**Task prompt**
The required output holds only the lines from the one containing "8.5X24 TA GREEN" through the end of the material below, copied exactly, please, with no pictures.

**Exercise material**

######

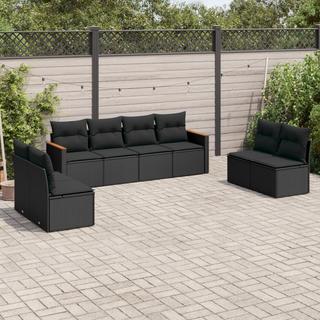 VidaXL set divano da giardino Polirattan  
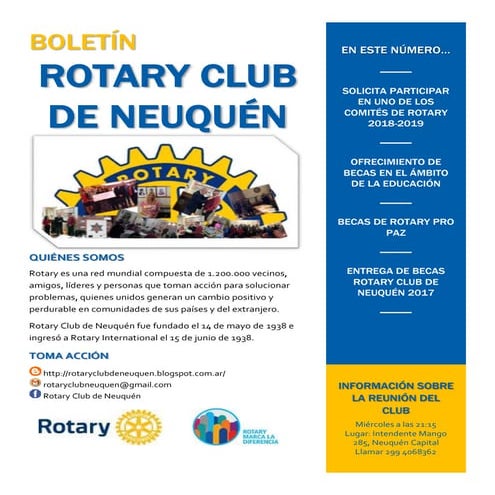 Boletín 01 julio- año 2017-2018 Rotary Club de Neuquén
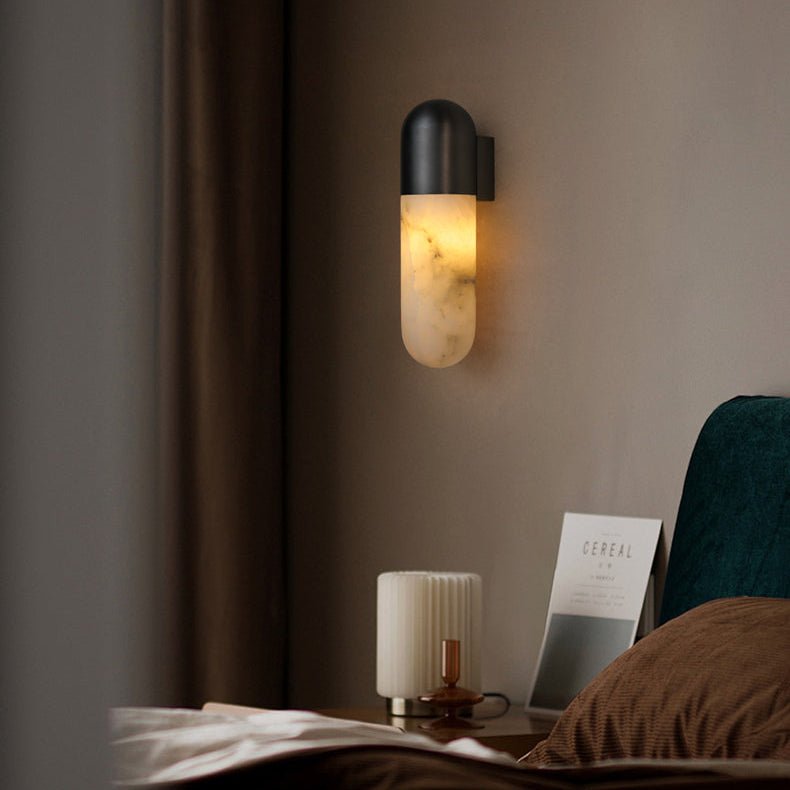 Capsule Alabaster Sconce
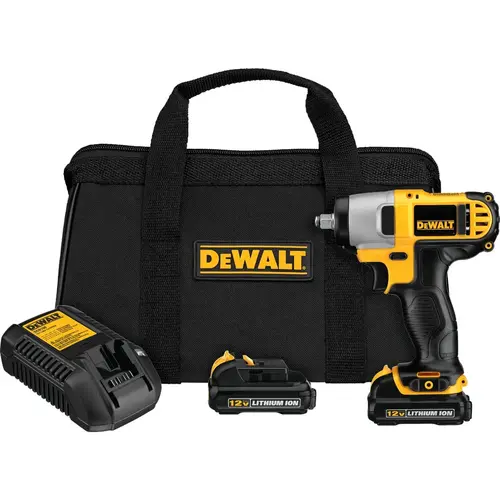 12 Volt MAX Lithium-Ion 3/8 In. Cordless Impact Wrench Kit 12 Volt MAX Lithium-Ion 3/8 In. Cordless Impact Wrench Kit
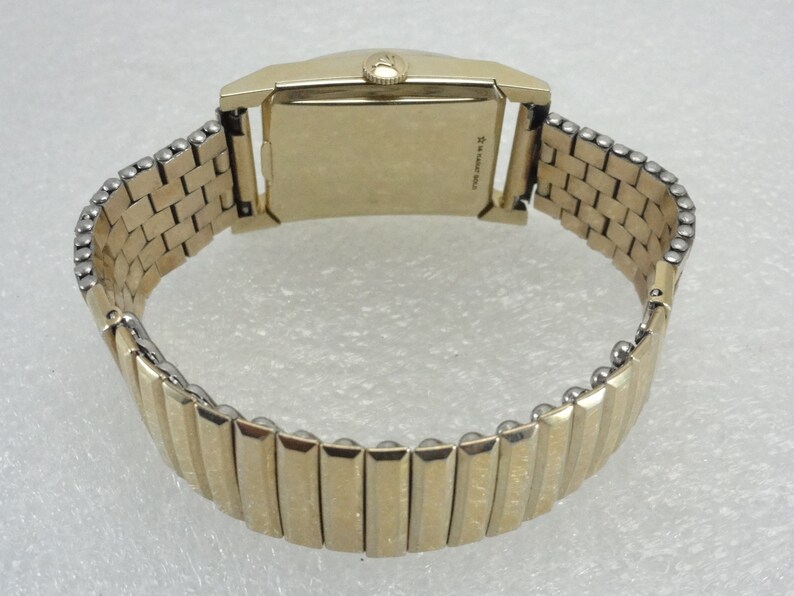 14k Gold Wittnauer Watch Kreisler Band Etsy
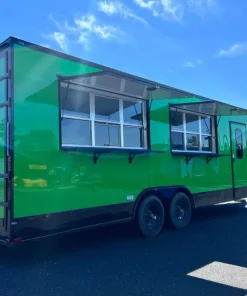 8.5X24 TA GREEN CONCESSION TRAILER - QUALITY CARGO - Image 3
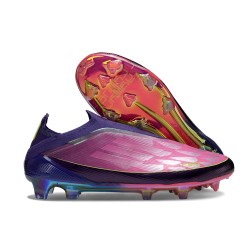 Adidas F50 Elite Laceless FG X Lamine Yamal Unity Morado Ftwr Blanco Limón Lúcido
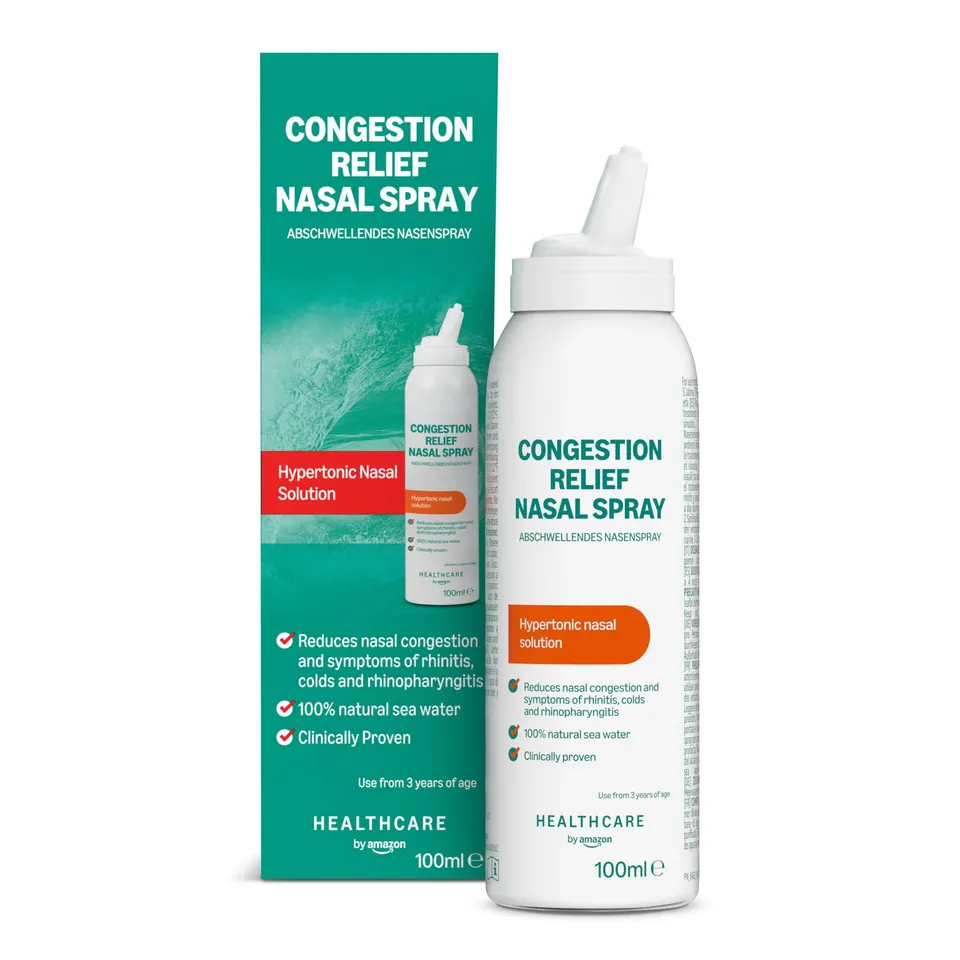 Amazon Basic Care spray nasale 100 ml soluzione ipertonica acqua di mare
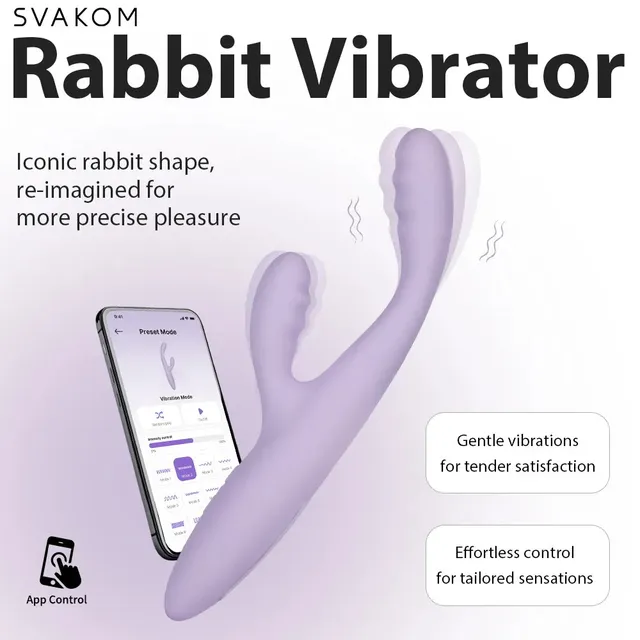 Svakom Cici+ 2 vibromasseur rabbit lilas pastel chauffant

######

**Answer for the task**
 8.5X24 TA GREEN CONCESSION TRAILER - QUALITY CARGO - Image 3
 Adidas F50 Elite Laceless FG X Lamine Yamal Unity Morado Ftwr Blanco Limón Lúcido
 Amazon Basic Care spray nasale 100 ml soluzione ipertonica acqua di mare
 Svakom Cici+ 2 vibromasseur rabbit lilas pastel chauffant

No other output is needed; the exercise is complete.